Las cartas de la señora Cameron se formaron según este modelo; ella aconsejaba, exhortaba e inquiría por la salud de la querida Emily con soltura, pero sus corresponsales eran con frecuencia hombres de genio exaltado a quienes ella podía expresar el lado más romántico de su naturaleza. Con Tennyson discurría sobre la belleza de la señora Hambro, “traviesa y agraciada como una gatita y con la forma y la mirada de un antílope…

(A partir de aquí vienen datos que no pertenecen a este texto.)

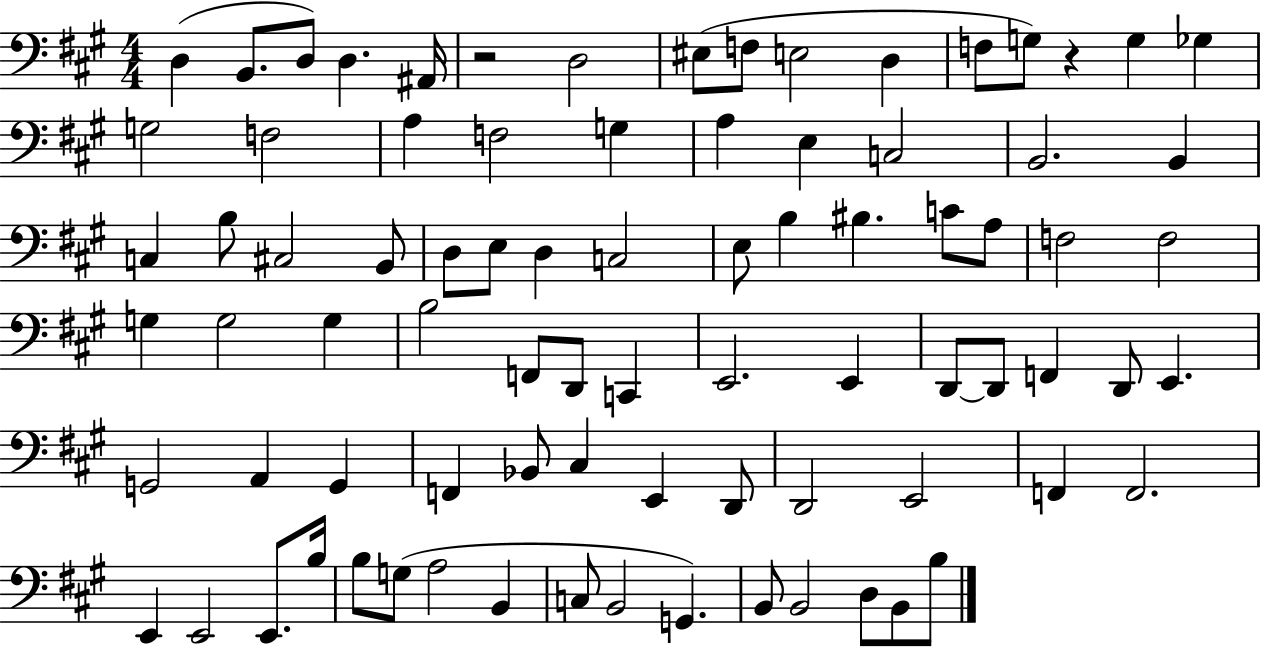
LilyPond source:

Su complexión (o más bien su piel) es perfecta, como la hoja de “esa flor consumada”, la magnolia -una flor, pienso, tan misteriosa en su belleza como si fuera la única cosa inmaculada e incorrupta que quedara del jardín del Edén … Nosotros teníamos un árbol de magnolia común en nuestro jardín de Sheen, y en las calladas noches de verano la luna iluminaba aquellos ricos floreros maduros, y despedían un aroma que hacía que el alma desfalleciera en esa sensación del lujo del mundo de las flores”.

A partir de frases como éstas, es fácil intuir por qué Sir Henry Taylor veía la perspectiva de leer su novela con terror. “Su genio (del que está bien dotada) es demasiado profuso y redundante, no distingue entre lo afortunado y lo desafortunado”, escribió. “Vive de superlativos como si fuera su pan de cada día”.

Pero el apogeo de la carrera de la señora Cameron estaba a un paso. En 1860, los Cameron compraron dos o tres casitas cubiertas de rosas en Freshwater, las administraron juntos y les anexaron algunas cabañas para dar cabida al desbordamiento de su hospitalidad. Porque en Dimbola -tomaron el nombre de la propiedad del señor Cameron en Ceilán- todo el mundo era bienvenido. “Las convenciones no tenían lugar allí”.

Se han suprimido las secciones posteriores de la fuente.